*DIRECTIONS FOR THIS TASK*. A faithful copy of the data, pictures omitted, is the required answer.

*INPUT DATA*.

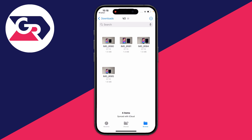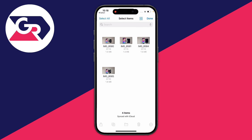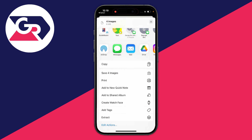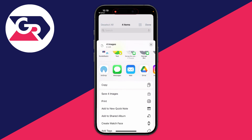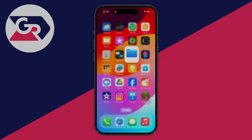That's it — you've now got multiple files from Google Drive on your iPhone. But if they're photos and you want to add them to your photo library, click on the three dots in the top right and click Select, then click the Select All button in the top left. Then in the bottom left, click the Share button, scroll down, and click Save for Images. They'll now be saved to your camera roll.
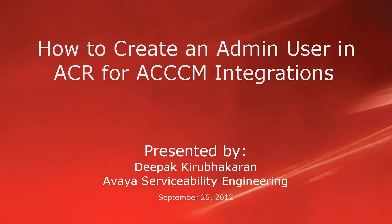Hello, this is Deepak Kirbakran with Avaya Serviceability Engineering Team. This video demonstrates how to create an admin user in Avaya Contact Recorder for ACCCM integrations.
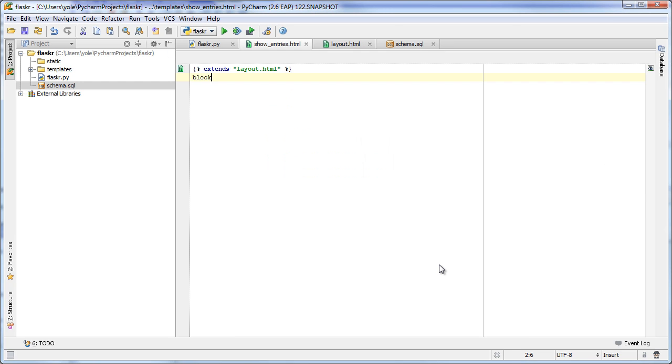The block live template automatically looks at the list of blocks defined in the template that we are extending and suggests us to choose one of them.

*SOLUTION TO THIS PROBLEM*.
That's it — you've now got multiple files from Google Drive on your iPhone. But if they're photos and you want to add them to your photo library, click on the three dots in the top right and click Select, then click the Select All button in the top left. Then in the bottom left, click the Share button, scroll down, and click Save for Images. They'll now be saved to your camera roll.
Hello, this is Deepak Kirbakran with Avaya Serviceability Engineering Team. This video demonstrates how to create an admin user in Avaya Contact Recorder for ACCCM integrations.
The block live template automatically looks at the list of blocks defined in the template that we are extending and suggests us to choose one of them.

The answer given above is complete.